Exercise requirements:
Each entry below is to be restated word for word, with no pictures carried over.

* * * *

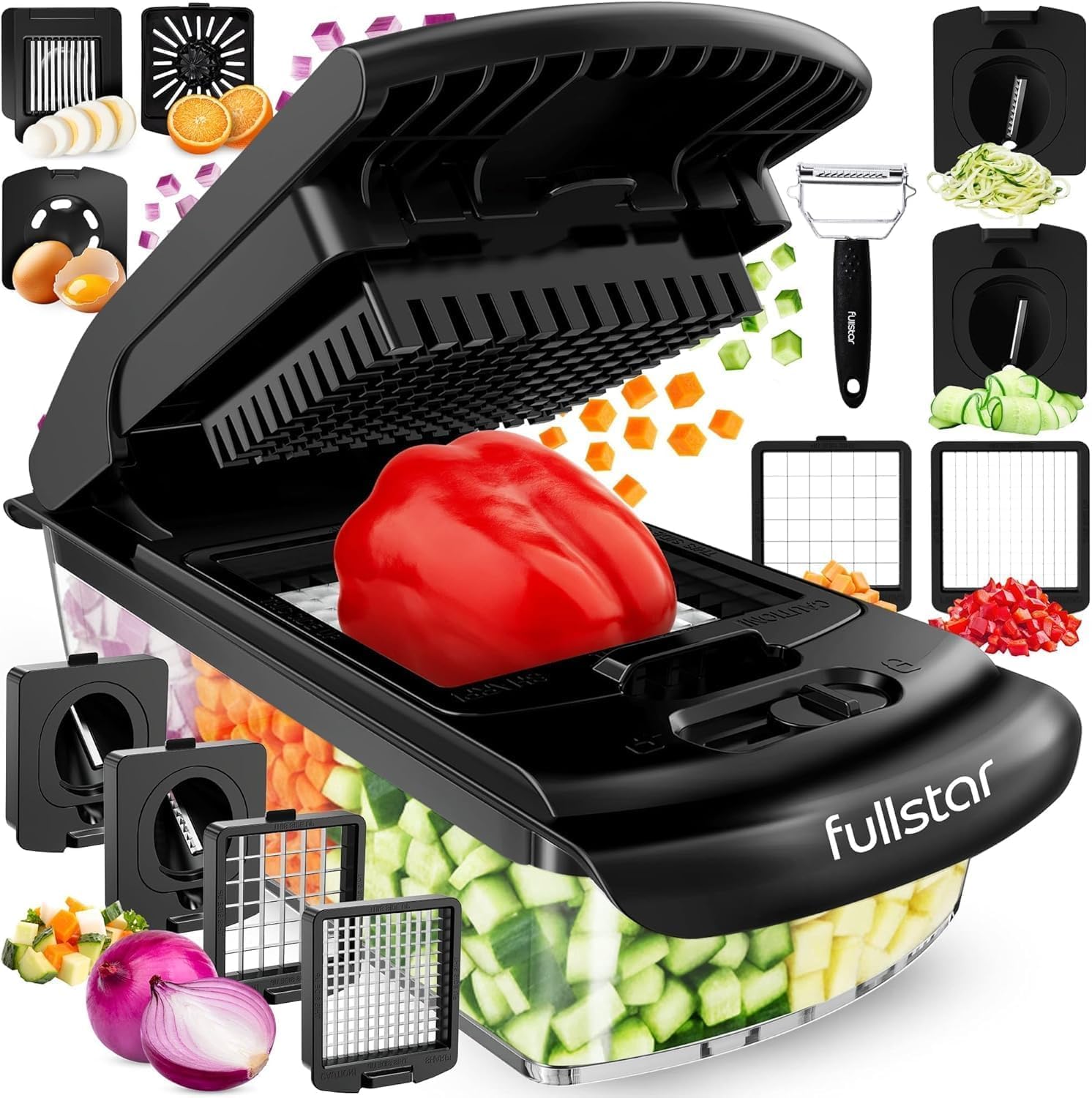 Fullstar vegetable chopper compact base for quick, mess-free meal prep.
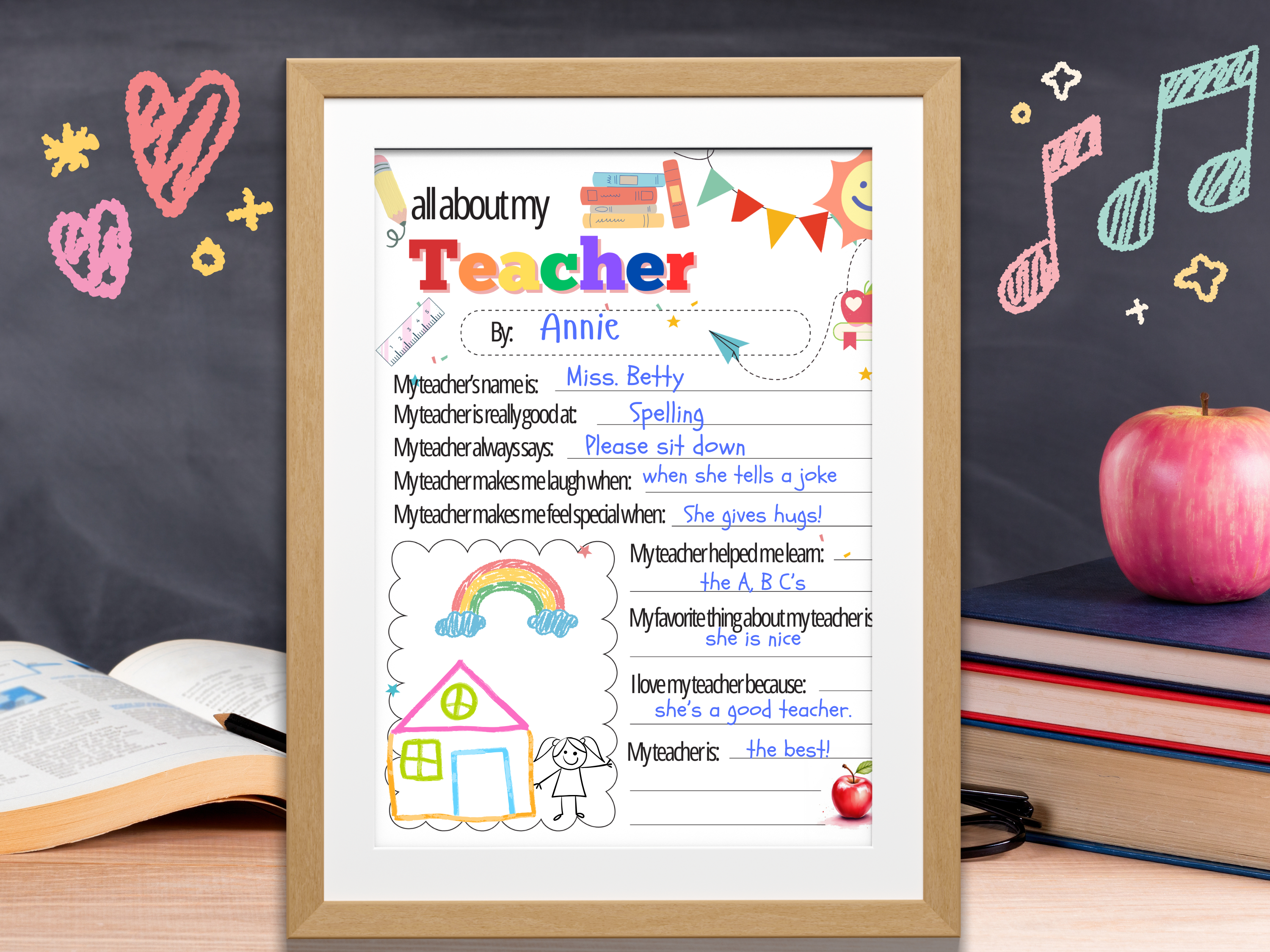 Teacher Appreciation Card Printable | All About My Teacher Coloring Page | Fill in the Blank Thank You Card | Canva Template | Preschool Kids Gift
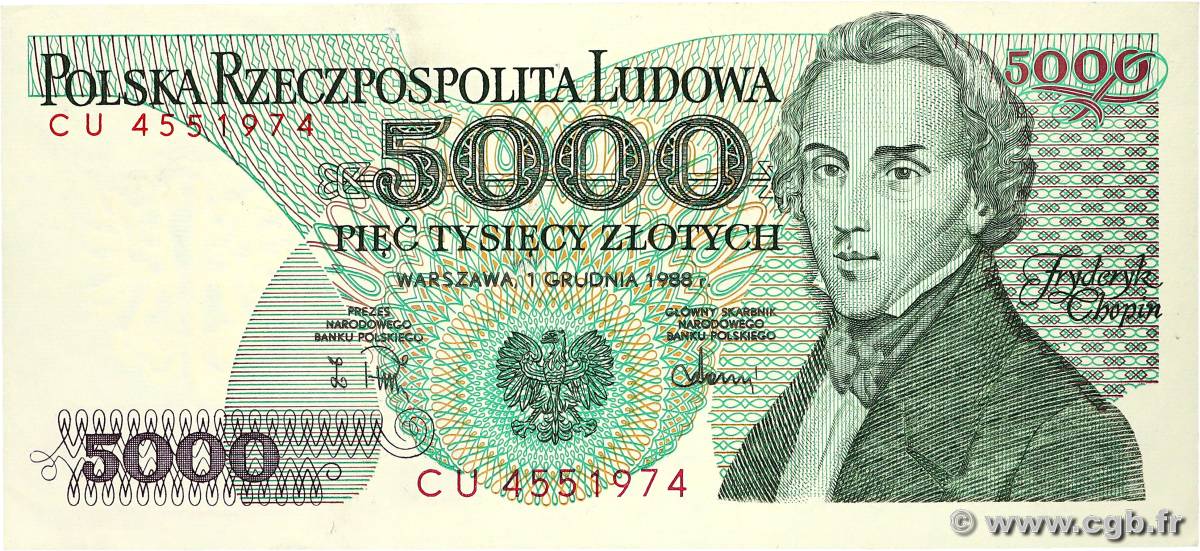 5000 Zlotych POLONIA  1988 P.150c FDC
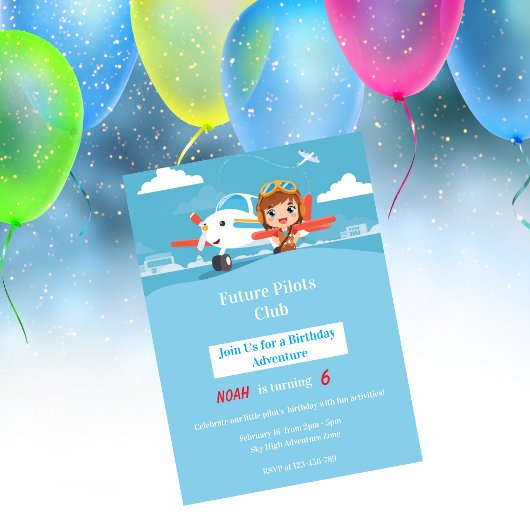 Invitation Future Pilot Airplane Adventure Birthday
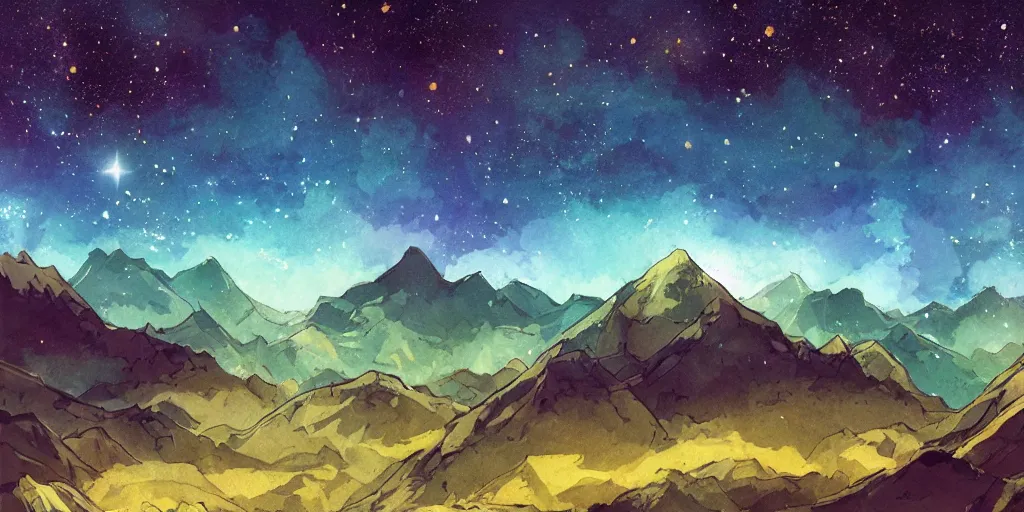 Prompt: stunning mountain landscape with sky full of galaxies by posuka demizu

* * * *

Task answer:
 Fullstar vegetable chopper compact base for quick, mess-free meal prep.
 Teacher Appreciation Card Printable | All About My Teacher Coloring Page | Fill in the Blank Thank You Card | Canva Template | Preschool Kids Gift
 5000 Zlotych POLONIA  1988 P.150c FDC
 Invitation Future Pilot Airplane Adventure Birthday
 Prompt: stunning mountain landscape with sky full of galaxies by posuka demizu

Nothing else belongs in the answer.